You could be right - although I've just given it a coat of fast drying matte spray paint, I'd like to build another with more attention to getting the light down lower and better joints (I just used king size scissors instead of a thin modeler's blade, so the edges area bit rough).

My big question tho', is - how are you getting close enough to the fly to get those shots - without the fly moving way?
I'm only guessing, but you'd have to be only about 20cm from the subject!!  That dumb fly is asking to get swatted!

The images you shoot are lovely and sharp - what post processing /software are you using? - I use a combination of CaptureOne and CS5, or Aperture3.


----------



## kyrontf (Oct 18, 2011)

The attention to detail you're putting in is great. 

Hmm, perhaps the flies sense that I won't swat them (or anything else, for that matter).   Actually, I've found that if you approach them very slowly, they'll "get used" to you and be less jumpy.  After half a minute or so (depends on the species and individual I think), they stop perceiving you as a danger and will just sit around unless you move too fast or get _too _close.  It helps to try going for a fly who isn't too busy, since they'll be more likely to stick around while you approach.  During the night, you can also sometimes find "sleeping" flies under leaves and things.  They're quite easy to photograph.

I estimate my working distance at 1:1 from the front of the lens to the subject is about 8-11cm with the Tamron.  What I do is just set it at 1:1 and move myself closer and closer with the shutter button half pressed.  As soon as I see the part of the subject I'm interested in getting sharp, I take the shot.  So it can be done pretty quickly before the subject decides to move.

My only post-processing software is Gimp.  I usually tweak contrast, levels, and then apply some sharpening.  The images that come out of my camera are sometimes a little soft.


----------



## carlos58 (Oct 19, 2011)

great set and very good shots


----------



## WilfordSy (Oct 19, 2011)

Amazing photos! Very sharp and nice camera DIY setup too!


----------



## kyrontf (Oct 20, 2011)

Thanks carlos58, WilfordSy.  Glad you liked them.


----------



## WildDog22 (Oct 28, 2011)

I've been on a couple of shoots recently - one for a client, and the second as a follow-up, moving in closer to the subject.
In all cases I've been shooting wildflowers.... the first batch was in amongst rain periods, the second, at a closer location, with fine weather.  Really successful, the diffuser is working very well.  Not yet able to post images to this site, but have added one of the new images to my facebook account.  Facebook


----------



## kyrontf (Oct 28, 2011)

Glad the diffuser is working out.   Wish I had a bit of fine weather to work in.  Most of the bugs are hiding now due to the rain, and I've been too lazy to put a raincoat (read: plastic bag) on my camera.

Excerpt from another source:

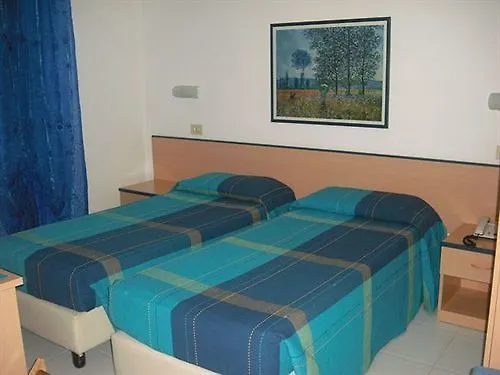 Hotel Villa Padulella Portoferraio 3*,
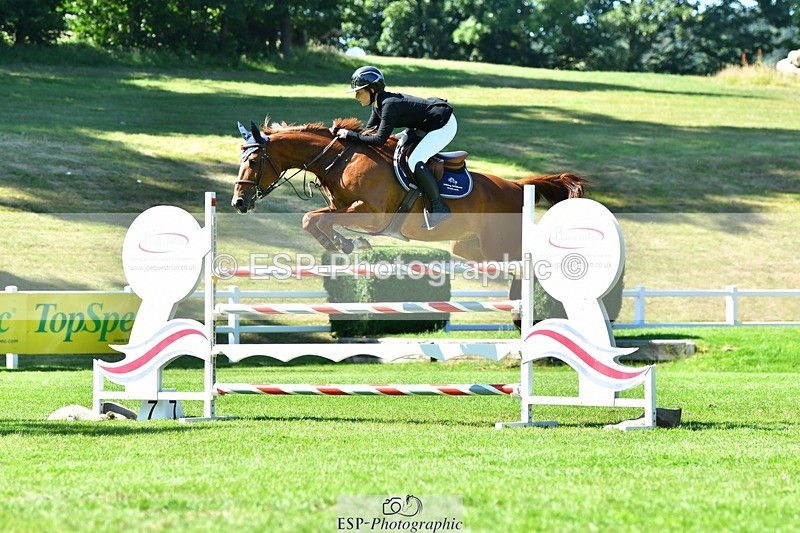 230707-160353-09345 - Cls 14 1.35m Speed Derby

You can add images to your posts by enclosing the link to an image inside img tags like this:

[ img ] image-URL [ / img ]

without the spaces.  You don't need a minimum number of posts to do it, and you can store the images on any image hosting site.  So long as you can get a URL to the image, the above method will work.

I wasn't able to view the Facebook page.  It said it was unavailable for some reason.


----------



## quinte (Oct 31, 2011)

Where is the picture?  My screen says "This photo is currently unavailable."


----------



## WildDog22 (Nov 1, 2011)

Sorry, I inadvertently included a link to a private family site... I'll try again shortly


----------



## WildDog22 (Nov 1, 2011)

kyrontf said:


> Glad the diffuser is working out.   Wish I had a bit of fine weather to work in.  Most of the bugs are hiding now due to the rain, and I've been too lazy to put a raincoat (read: plastic bag) on my camera.
> 
> You can add images to your posts by enclosing the link to an image inside img tags like this:
> 
> ...



without the spaces. You don't need a minimum number of posts to do it, and you can store the images on any image hosting site. So long as you can get a URL to the image, the above method will work.

Not sure where the link mentioned above goes (In the middle of other text?), and is the image-URL a location on my own hard drive, or must it be a website address?

In the meantime, maybe this link will work!! Rob Fairweather | Facebook


----------



## WildDog22 (Nov 1, 2011)

Maybe this will work...


----------



## kyrontf (Nov 1, 2011)

quinte said:


> Where is the picture?  My screen says "This photo is currently unavailable."


Which picture?  They're all showing up for me.



WildDog22 said:


> Not sure where the link mentioned above goes (In the middle of other  text?), and is the image-URL a location on my own hard drive, or must it  be a website address?
> 
> In the meantime, maybe this link will work!! Rob Fairweather | Facebook



Unfortunately I still can't see any pictures - it seems I have to actually sign up on Facebook to do that. 

The image URL should just be a web address where your image is.  Like this, without spaces:
[ img ] http:// www . website . com / your_image . jpg [ / img ]


----------



## WildDog22 (Nov 2, 2011)

This is a test image


----------